Only her best friend, Jason, listens. Jason, who’s always been there. Jason, for whom she might have more-than-friendly feelings. But before Aza can consider that thrilling idea, something goes terribly wrong. Aza is lost to our world—and found, by another. Magonia.
Above the clouds, in a land of trading ships, Aza is not the weak and dying thing she was. In Magonia, she can breathe for the first time. Better, she has immense power—and as she navigates her new life, she discovers that war is coming. Magonia and Earth are on the cusp of a reckoning. And in Aza’s hands lies the fate of the whole of humanity—including the boy who loves her. Where do her loyalties lie?
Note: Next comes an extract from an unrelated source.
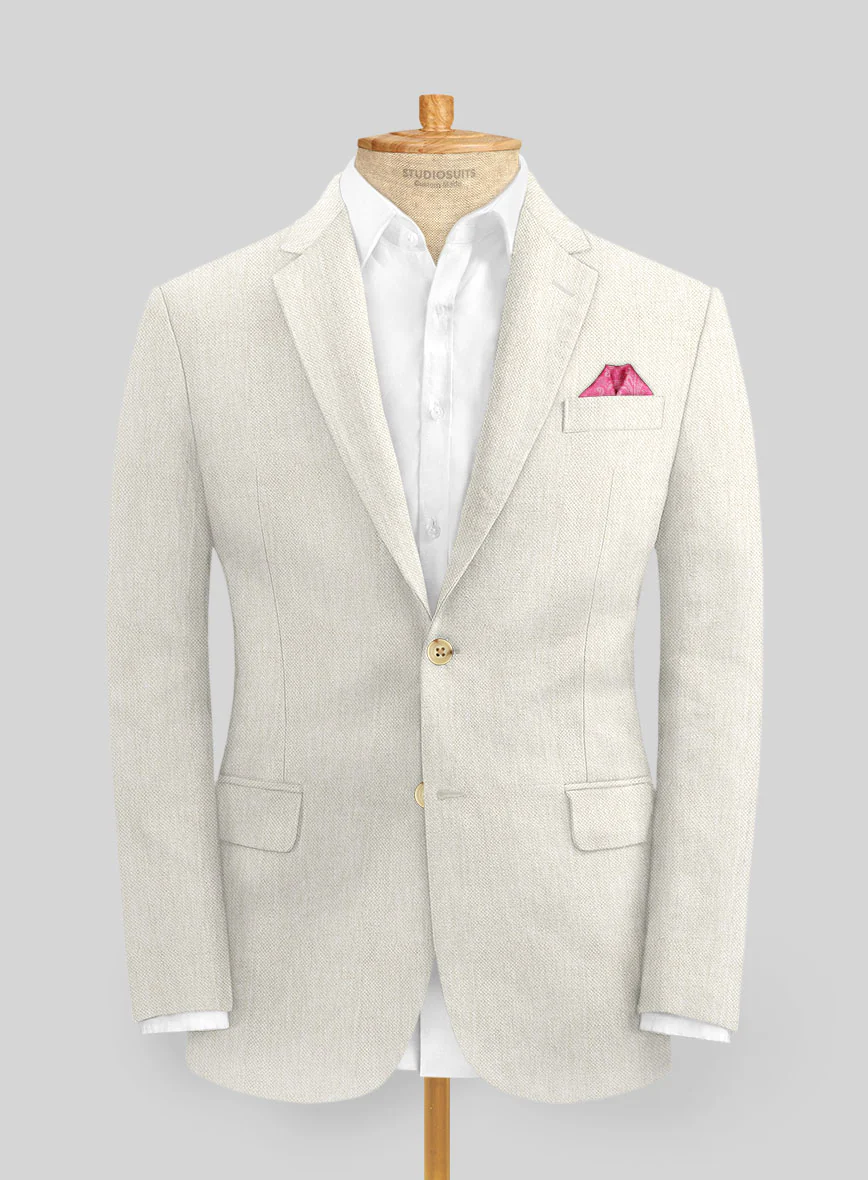 Italian Prato Beige Dobby Linen Jacket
This was a really interesting read to dive into. I’ve been sticking to contemporary YA fiction for the last few months, admittedly, mainly because that makes up most of what’s been landing on my doorstep, so it was nice to deviate from the usual. That being said, even though fantasy is on a whole other spectrum in itself, I think that it’s safe to say it isn’t exactly common to come across something that really is out of the norm. Werewolves, vampires, witches–we’ve all seen them done, and now we’re seeing them done in sparkly new ways, but Magonia? This is completely out of the blue, and in the best way possible.
Even more so, this is a wonderful fantasy with one size fits all: plenty of genres to be seen and loved, or in other words, double trouble. There’s something here for everyone. Action, romance, and mystery are all present, making for an all-around enjoyable read. Whenever I found myself tiring of one element, things would take a sharp turn and it was like I was being immersed in a completely different environment with something else to worry about. It kept me on my toes, and I think it’ll do the same for you.
The usually dreaded love triangle was present here, but it was done in a way that almost felt natural and not at all overbearing. Both love interests were from different worlds with different personalities, and both saw Aza as two completely different people, so they both felt really compatible and suited. I liked the way it was presented, and for the most part I am driven crazy by the never-ending triangle theory. I don’t know what’s worse, the love or Bermuda triangle. You decide.
The ending of Magonia was conclusive but definitely left room for more tales to be told, so I’m looking forward to what Headley has planned next for these characters.
Anyone looking to move away from “normal” fantasy and move into a new and exciting story should check out Magonia.